§ **DESCRIPTION OF THE TASK**
Where the listing below has a line with "Matt Black Wood", write out exactly that line and every line after it, stopping after the line with "Groupe PSA 1607330580".

§ **DATASET RECORDS**
━━━━

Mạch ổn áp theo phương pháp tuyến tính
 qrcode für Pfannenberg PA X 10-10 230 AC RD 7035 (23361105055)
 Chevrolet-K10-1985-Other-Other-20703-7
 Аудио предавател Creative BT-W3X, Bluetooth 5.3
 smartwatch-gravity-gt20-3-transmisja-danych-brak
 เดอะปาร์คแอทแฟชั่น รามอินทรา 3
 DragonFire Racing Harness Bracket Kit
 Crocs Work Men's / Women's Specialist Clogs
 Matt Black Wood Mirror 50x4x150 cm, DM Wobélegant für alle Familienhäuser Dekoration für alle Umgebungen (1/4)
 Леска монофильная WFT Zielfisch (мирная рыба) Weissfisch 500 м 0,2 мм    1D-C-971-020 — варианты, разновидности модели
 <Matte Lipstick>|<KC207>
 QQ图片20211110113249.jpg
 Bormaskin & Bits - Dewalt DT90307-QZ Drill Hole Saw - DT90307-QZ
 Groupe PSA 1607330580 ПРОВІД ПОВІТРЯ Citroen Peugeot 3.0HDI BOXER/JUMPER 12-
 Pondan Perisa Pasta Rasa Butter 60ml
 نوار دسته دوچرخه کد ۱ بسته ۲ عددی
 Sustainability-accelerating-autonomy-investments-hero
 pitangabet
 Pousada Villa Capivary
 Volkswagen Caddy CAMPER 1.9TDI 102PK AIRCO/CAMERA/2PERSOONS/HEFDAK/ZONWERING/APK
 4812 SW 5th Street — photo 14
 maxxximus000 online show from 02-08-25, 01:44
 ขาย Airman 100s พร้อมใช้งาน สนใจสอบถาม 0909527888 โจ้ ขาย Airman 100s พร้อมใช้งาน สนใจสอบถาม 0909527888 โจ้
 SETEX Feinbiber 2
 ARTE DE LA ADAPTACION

━━━━

§ **PROBLEM SOLUTION**
 Matt Black Wood Mirror 50x4x150 cm, DM Wobélegant für alle Familienhäuser Dekoration für alle Umgebungen (1/4)
 Леска монофильная WFT Zielfisch (мирная рыба) Weissfisch 500 м 0,2 мм    1D-C-971-020 — варианты, разновидности модели
 <Matte Lipstick>|<KC207>
 QQ图片20211110113249.jpg
 Bormaskin & Bits - Dewalt DT90307-QZ Drill Hole Saw - DT90307-QZ
 Groupe PSA 1607330580 ПРОВІД ПОВІТРЯ Citroen Peugeot 3.0HDI BOXER/JUMPER 12-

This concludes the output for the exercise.